By SANCHESKA BROWN
Tribune Staff Reporter
OPPOSITION Leader Dr Hubert Minnis said yesterday if the government is serious about revitalizing Bay Street it should “cease the reported practice of issuing licenses to foreign retailers” to reduce the cost of shopping in the downtown area.
In a press release, Dr Minnis also said the government “should remove duty on clothing altogether.” Doing this, he said would improve the attractiveness of Bay Street and increase the variety of items that can be sold at competitive prices.
Dr Minnis was responding to Minister of Tourism Obie Wilchcombe who told Tribune Business this week that Bay Street “is like a dying centre”, as he pushed for duty-free shopping status to tackle its lack of variety and recognised retail brands.
Mr Wilchcombe said that making downtown Nassau a duty-free shopping zone will ultimately lure more tourists as well as locals, adding that the area has too many jewellery stores and had been “infiltrated” by foreigners.
Dr Minnis said while he agrees with Mr Wilchcombe’s assessment, he “is puzzled by the government’s duplicity.”
“On one hand the minister speaks to the dominance of foreign owned retail businesses while at the same time his government has gone against a policy long held by successive governments to protect Bahamian retailers. We have learned that the government has granted direct NEC approvals and licenses for several high-end luxury retailers to operate at Baha Mar, contrary to government policy,” Dr Minnis said.
“In 1998, when Atlantis attempted to do the same thing, the FNM government listened to the outcry of Bahamian retailers, including that of the current attorney general’s husband, and insisted that retail operations at Atlantis must be Bahamian owned. The PLP has obviously seen fit to discontinue that policy.
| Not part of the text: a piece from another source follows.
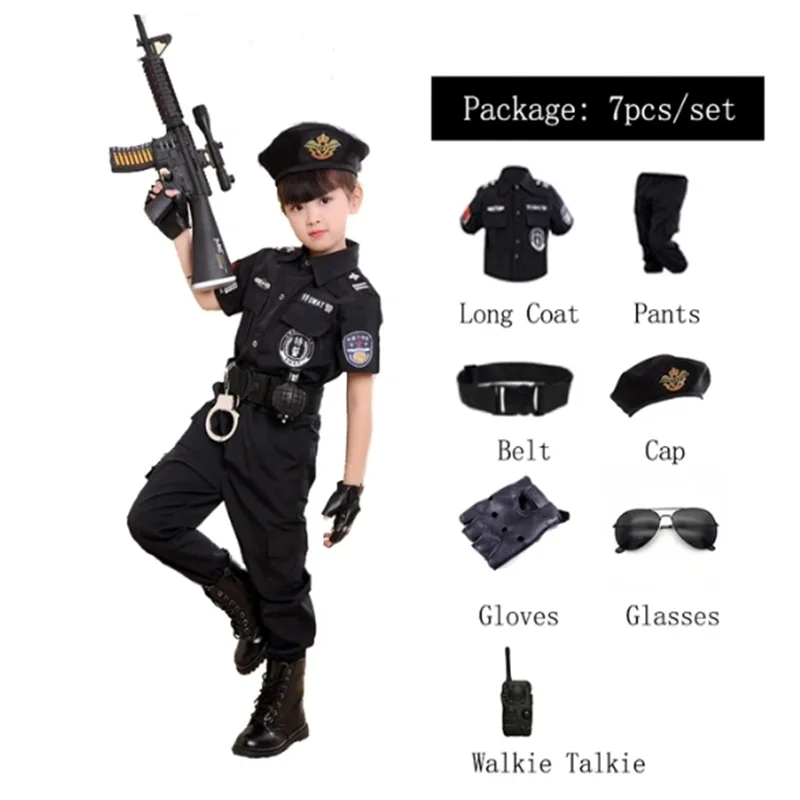 SWAT Children Halloween Policeman Cosplay Costumes Kids Carnival Police Uniform 110-160cm Boys Army Policemen Soldier 7 Pcs/Sets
“Just as the Pindling administration, in its final miserable years, decided to ‘change the face of Bay Street’ by licensing a host of foreign-owned duty-free jewellery stores, it seems that this Christie administration, in its final miserable years, is similarly intent on changing the face of retailing throughout the entire tourism industry. Such reckless abandoning of long-cherished economic empowerment policies could ultimately lead to the complete demise of the Bahamian retailer. The PLP campaigned on the slogan “Bahamians first”, but again it seems that in practice the PLP continues to put Bahamians last.”
If the government removes duty on clothing, Dr Minnis said it would create more jobs in the retail clothing sector and lessen the burden on the tax payer when it comes to clothing purchases.
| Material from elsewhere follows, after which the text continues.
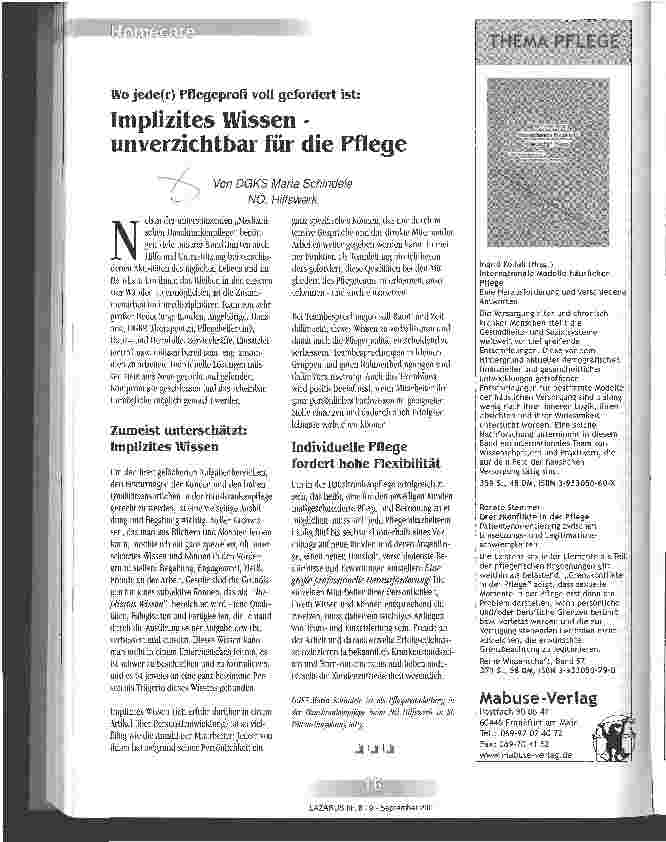 Vorschauseite 1: Implizites Wissen - unverzichtbar für die Pflege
“Any revenues lost in duty may be made up from the VAT charged on increased sales volumes in the retail sector, VAT collected from more consumption due to reduced levels of unemployment, increases in stamp tax, and VAT receipts from real estate transactions related to commercial real estate expansion and rentals in the city centre,” Dr Minnis said.
“The FNM would further encourage the local clothing sector by looking at removing duty from sewing materials, patterns, threads, accessories and equipment, thereby creating more jobs and competitiveness in the fast-growing domestic fashion and design sector.”